* **Task to complete**:
Without any pictures, print the lines below from the one that has "Portable Support TF" through the one that has "Destination Colorado State", exactly and nothing else.

* **Listed entries**:
◆ ◆ ◆

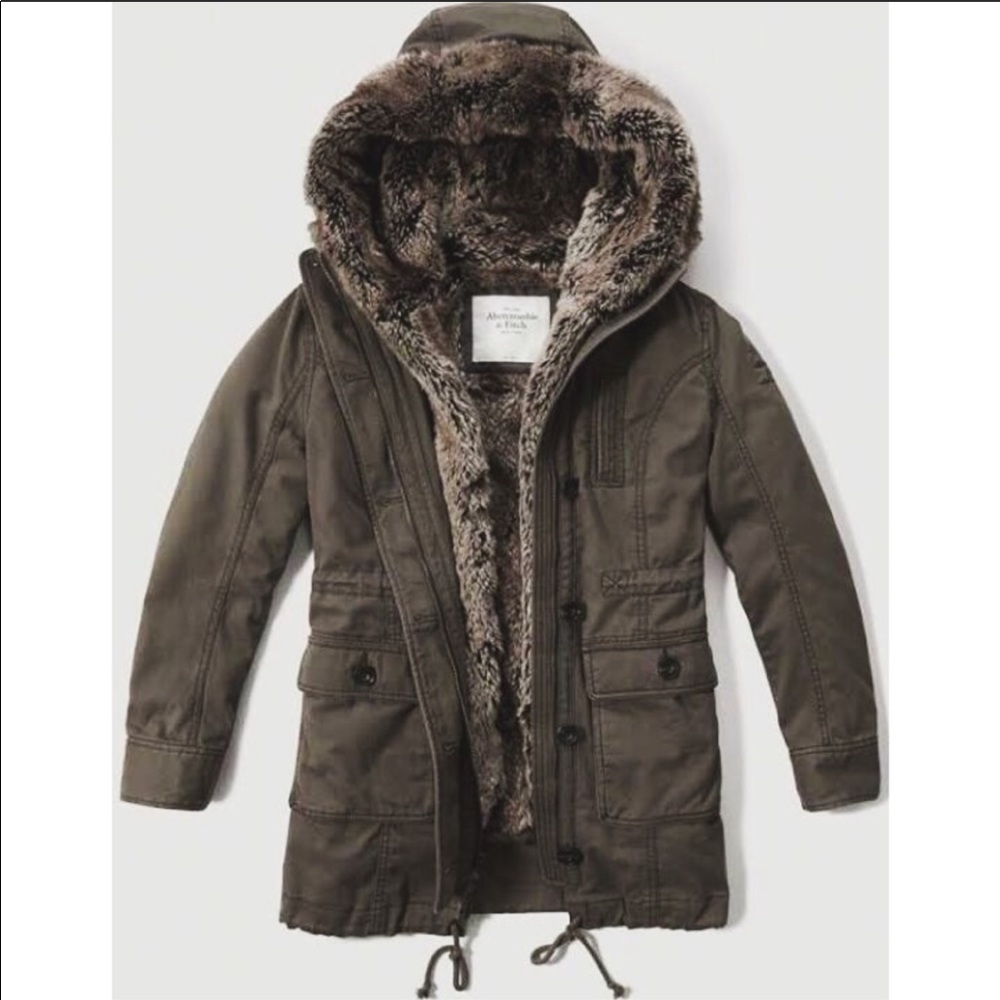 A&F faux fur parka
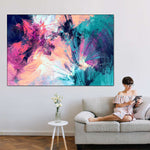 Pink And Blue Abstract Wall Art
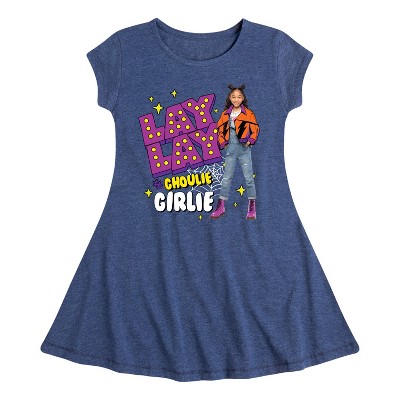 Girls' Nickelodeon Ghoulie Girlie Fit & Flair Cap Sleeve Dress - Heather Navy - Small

◆ ◆ ◆

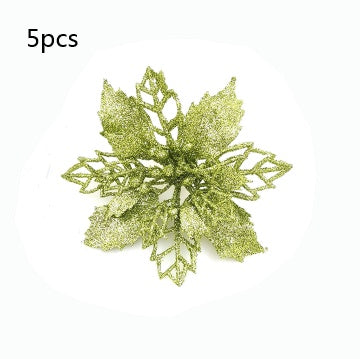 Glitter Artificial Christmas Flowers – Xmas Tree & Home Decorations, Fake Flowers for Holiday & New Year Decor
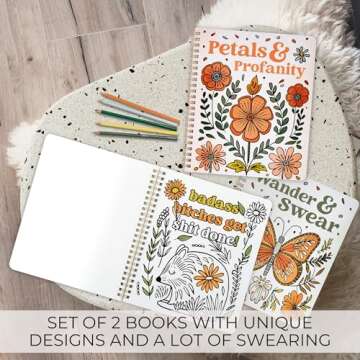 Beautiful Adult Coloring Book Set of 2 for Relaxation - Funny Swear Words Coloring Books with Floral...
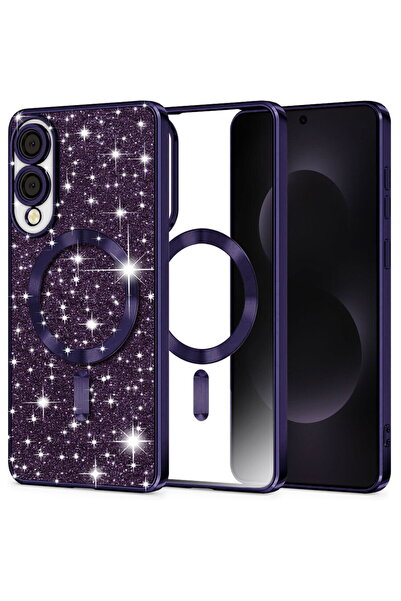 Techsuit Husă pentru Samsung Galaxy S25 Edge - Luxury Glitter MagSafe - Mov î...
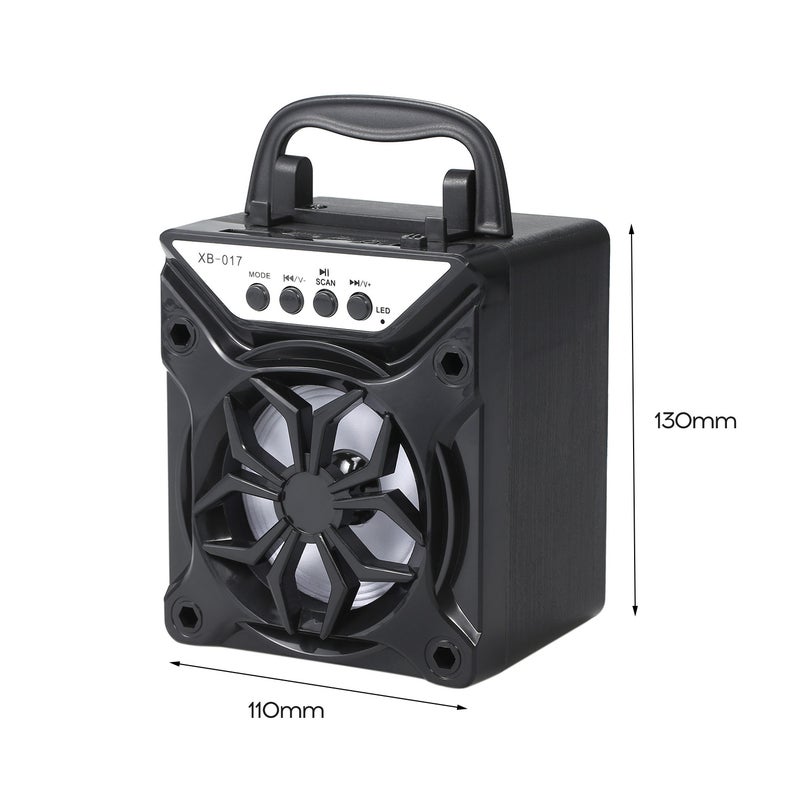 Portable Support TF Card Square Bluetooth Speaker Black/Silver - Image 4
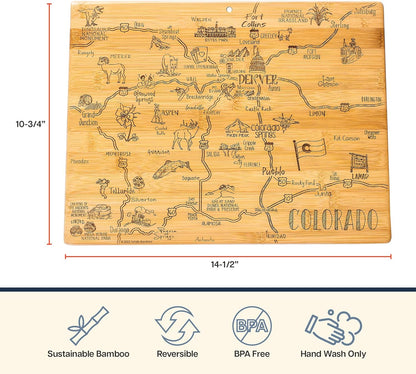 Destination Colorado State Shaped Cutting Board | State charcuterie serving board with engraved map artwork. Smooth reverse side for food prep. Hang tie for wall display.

◆ ◆ ◆

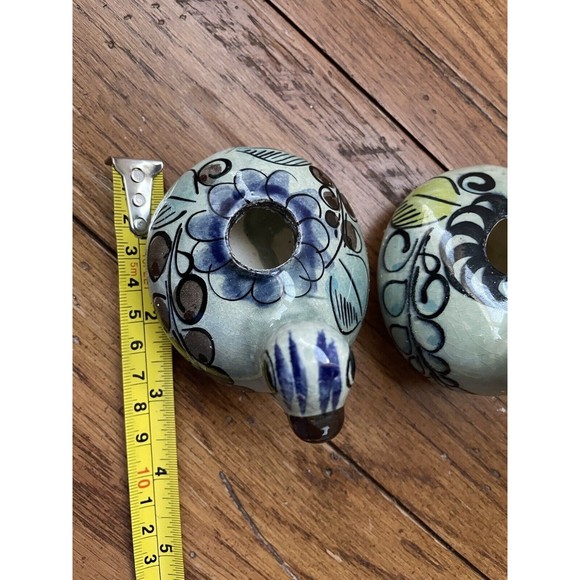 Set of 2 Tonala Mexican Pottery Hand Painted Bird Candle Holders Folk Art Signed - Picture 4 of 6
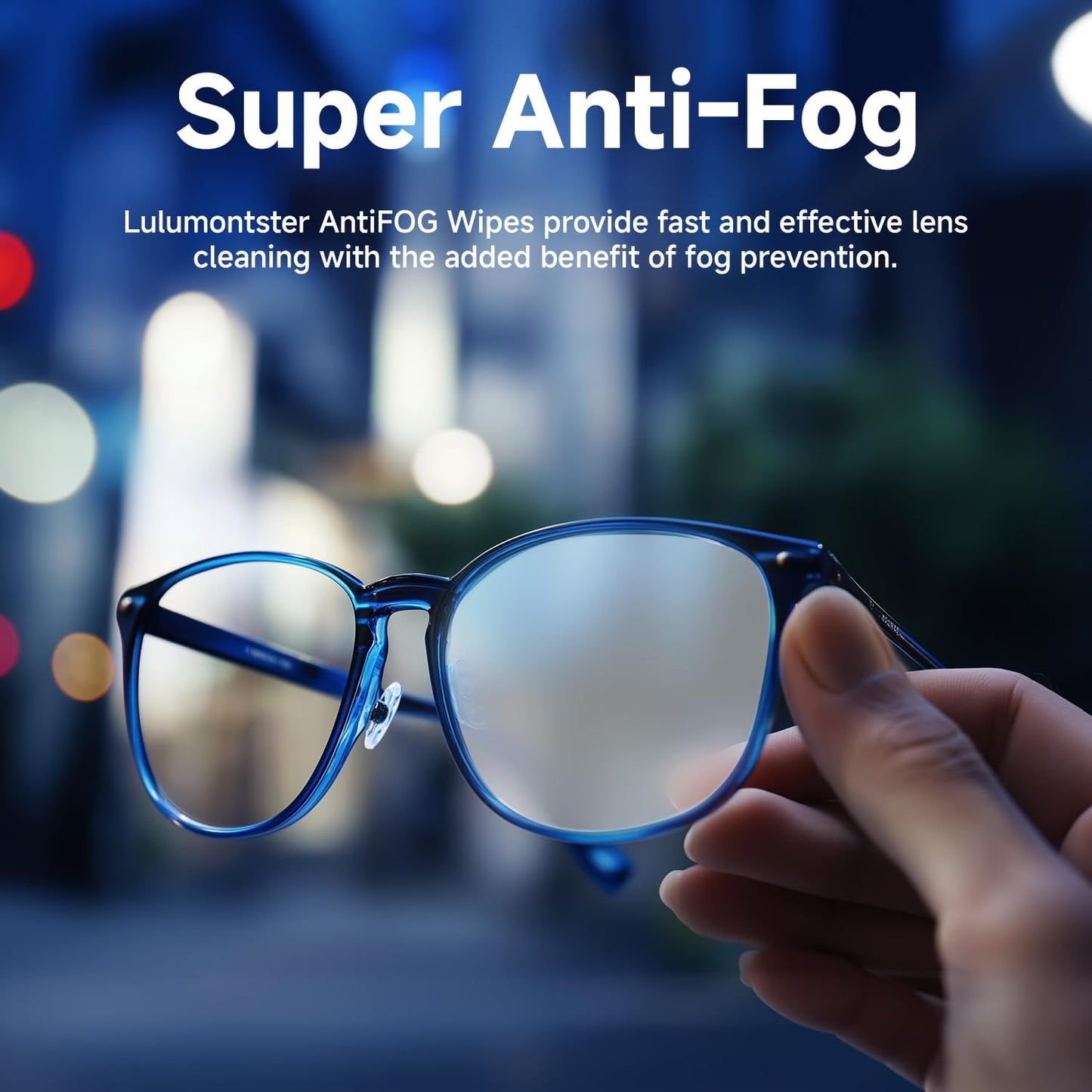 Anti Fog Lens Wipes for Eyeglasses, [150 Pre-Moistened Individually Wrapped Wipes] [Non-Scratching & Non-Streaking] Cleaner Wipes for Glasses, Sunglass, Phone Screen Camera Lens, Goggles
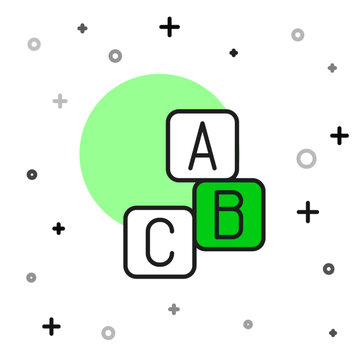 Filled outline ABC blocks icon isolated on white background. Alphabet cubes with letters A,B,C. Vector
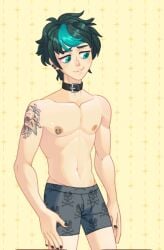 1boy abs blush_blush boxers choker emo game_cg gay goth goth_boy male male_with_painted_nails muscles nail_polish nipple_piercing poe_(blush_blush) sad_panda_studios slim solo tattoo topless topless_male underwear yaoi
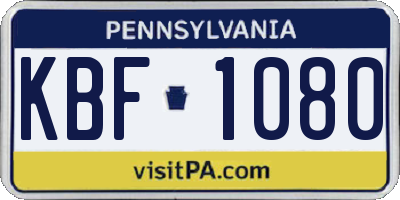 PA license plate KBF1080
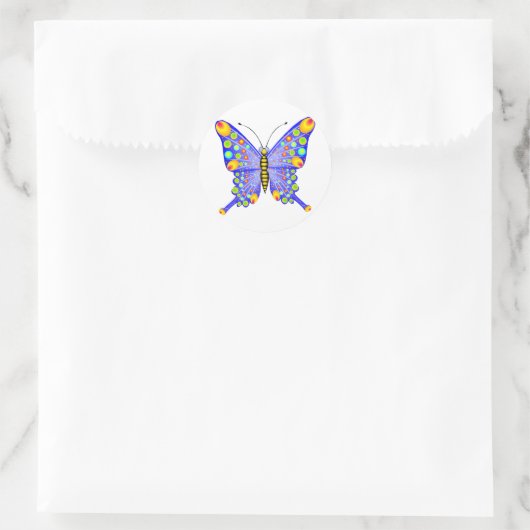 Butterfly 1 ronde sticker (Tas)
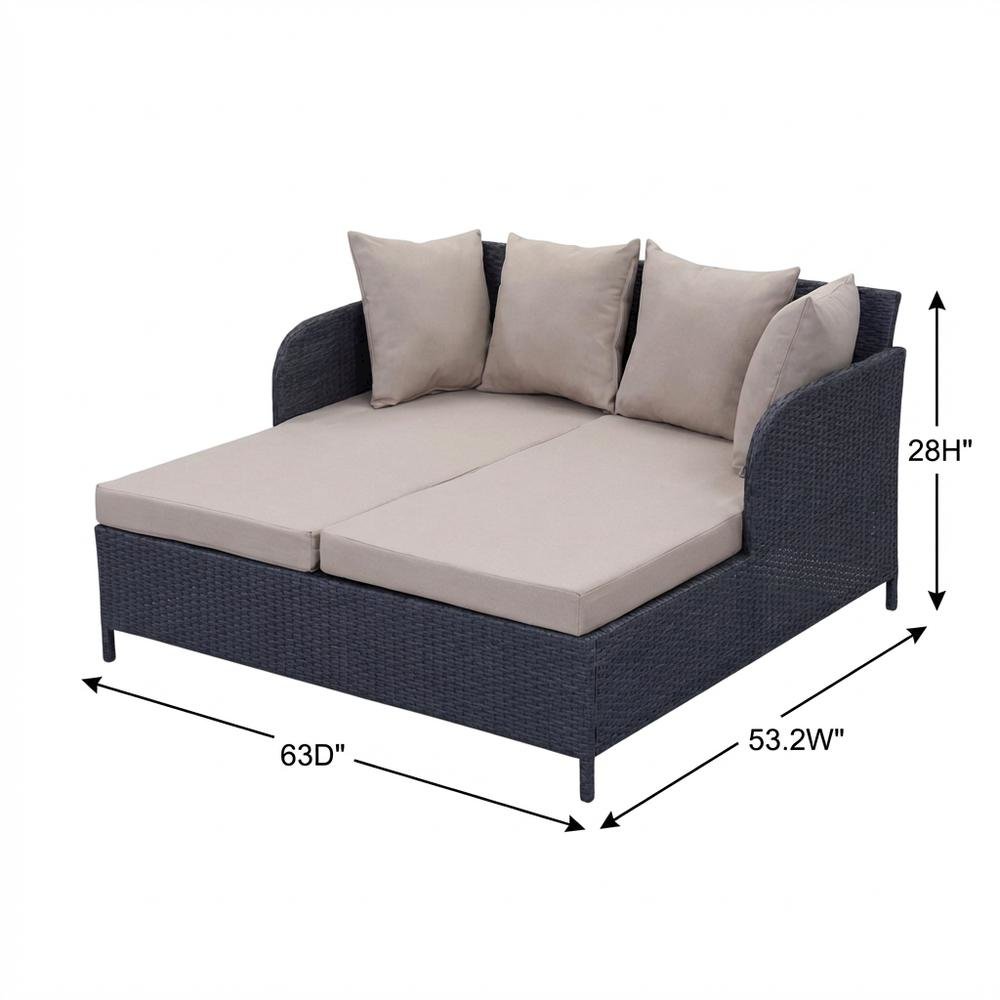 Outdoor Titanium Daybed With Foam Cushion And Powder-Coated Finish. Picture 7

◆ ◆ ◆

* **Task output**:
 Portable Support TF Card Square Bluetooth Speaker Black/Silver - Image 4
 Destination Colorado State Shaped Cutting Board | State charcuterie serving board with engraved map artwork. Smooth reverse side for food prep. Hang tie for wall display.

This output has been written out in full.